* **EXERCISE PROMPT**:
Retype the lines of the listing below exactly, but only those from the one containing "Funny Cat Memes" through the last line; pictures stay out.

◆ ◆ ◆ ◆ ◆ ◆ ◆

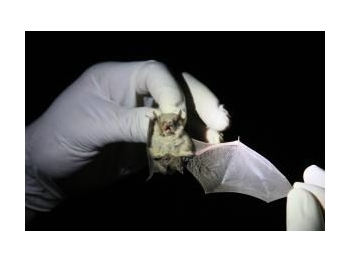 Caracterización morfológica y bioacústica de los murciélagos (Chiroptera) de la Reserva Nacional Pampa de Tamarugal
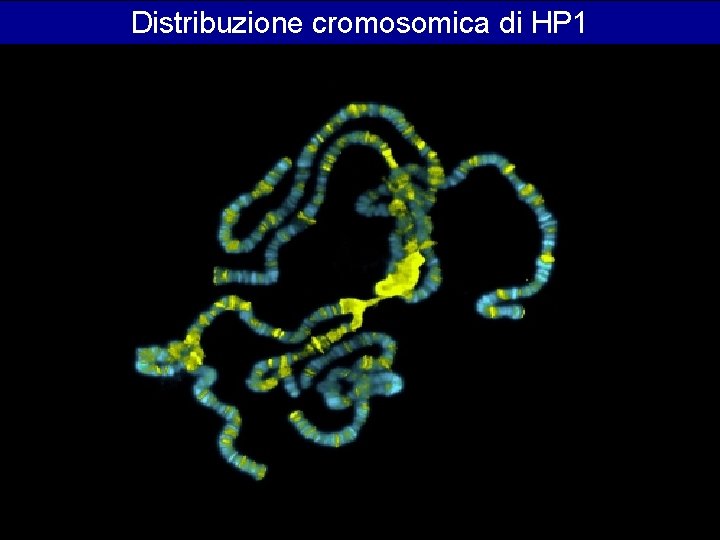 Distribuzione cromosomica di HP 1 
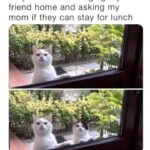 Funny Cat Memes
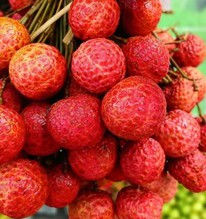 Vải mua về đừng vội cất tủ lạnh: Làm cách này tươi lâu hơn, để cả tháng vẫn ngọt mọng
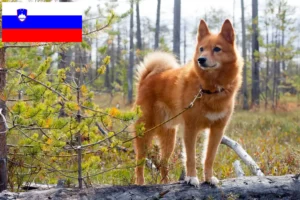 Read more about the article Finnspitz breeders and puppies in Slovenia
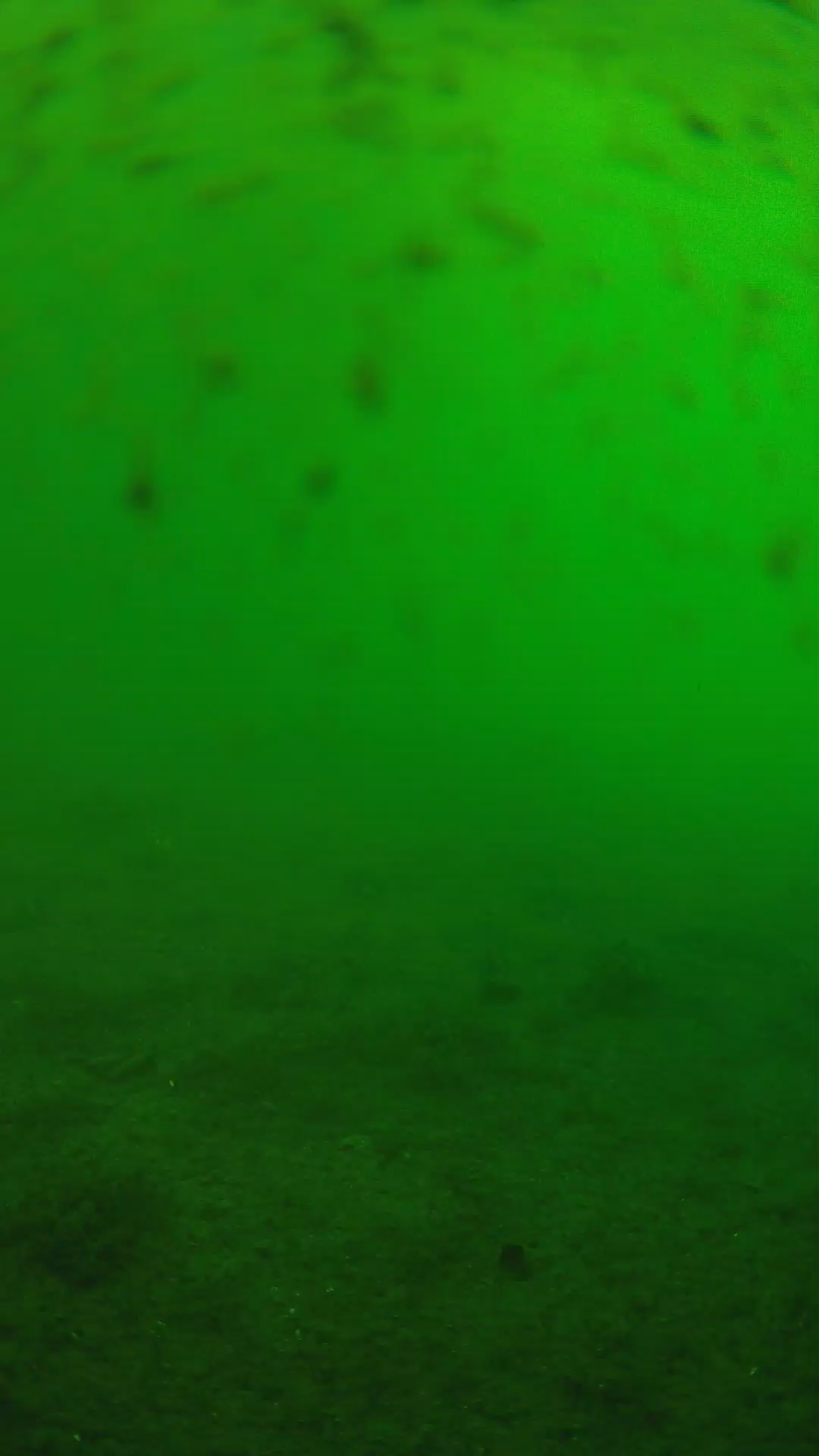lander_ipcam_20240626073549.png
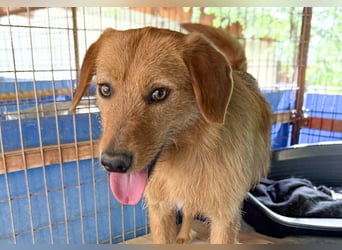 Kuckuck, wer schenkt Traumhund OLIVER ein liebevolles Zuhause?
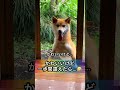 かわいいんだけど…😂 これわかる人いるかな🐕笑 #shorts #柴犬 #かわいい #おもしろ #可愛い #shibainu #アニメ #怖い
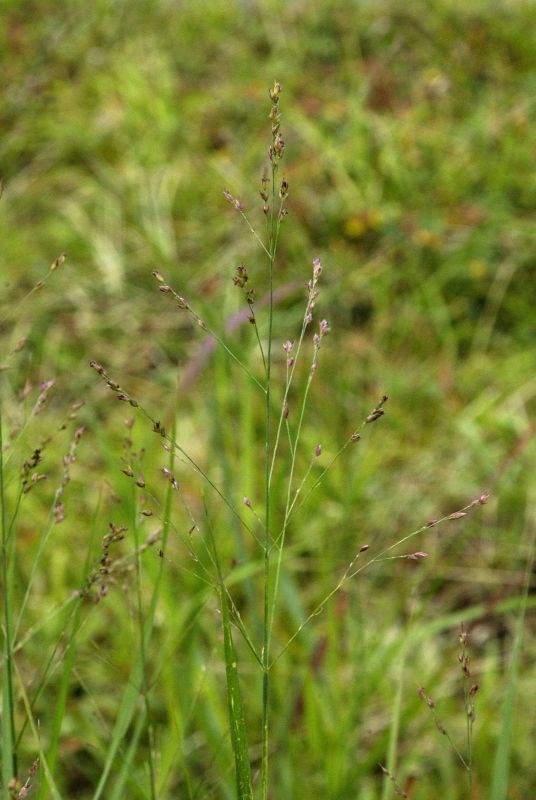 Garten-Ruten-Hirse Rotstrahlbusch - Panicum virgatum 'Rotstrahlbusch'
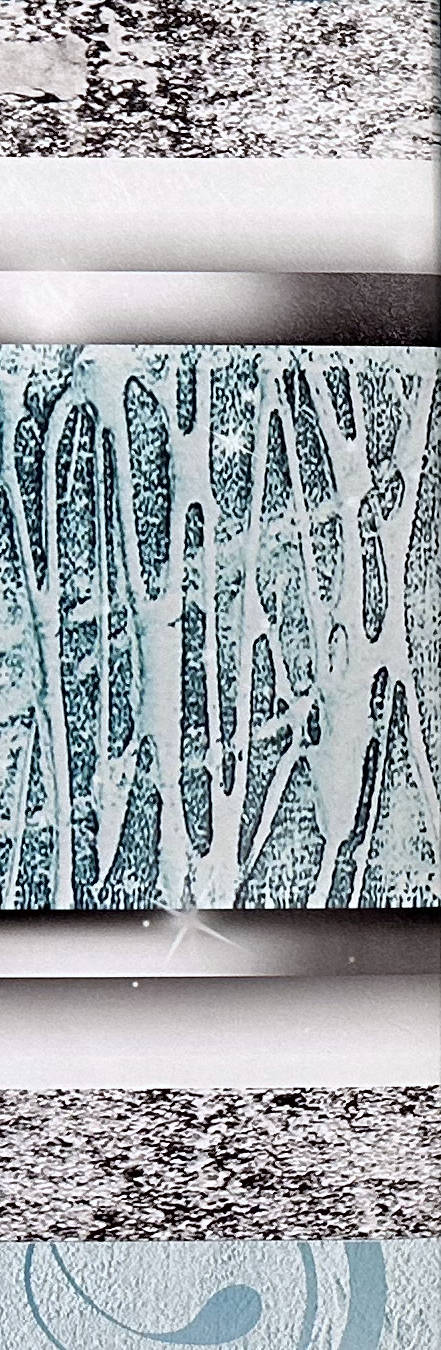 Coaching in München zur Stressbeäwltigung für mehr Resillienz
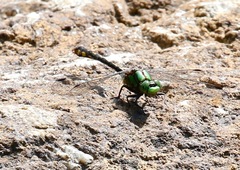 Ophiogomphus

◆ ◆ ◆ ◆ ◆ ◆ ◆

* **RESPONSE TO THIS EXERCISE**:
 Funny Cat Memes
 Vải mua về đừng vội cất tủ lạnh: Làm cách này tươi lâu hơn, để cả tháng vẫn ngọt mọng
 Read more about the article Finnspitz breeders and puppies in Slovenia
lander_ipcam_20240626073549.png
 Kuckuck, wer schenkt Traumhund OLIVER ein liebevolles Zuhause?
 かわいいんだけど…😂 これわかる人いるかな🐕笑 #shorts #柴犬 #かわいい #おもしろ #可愛い #shibainu #アニメ #怖い
 Garten-Ruten-Hirse Rotstrahlbusch - Panicum virgatum 'Rotstrahlbusch'
 Coaching in München zur Stressbeäwltigung für mehr Resillienz
 Ophiogomphus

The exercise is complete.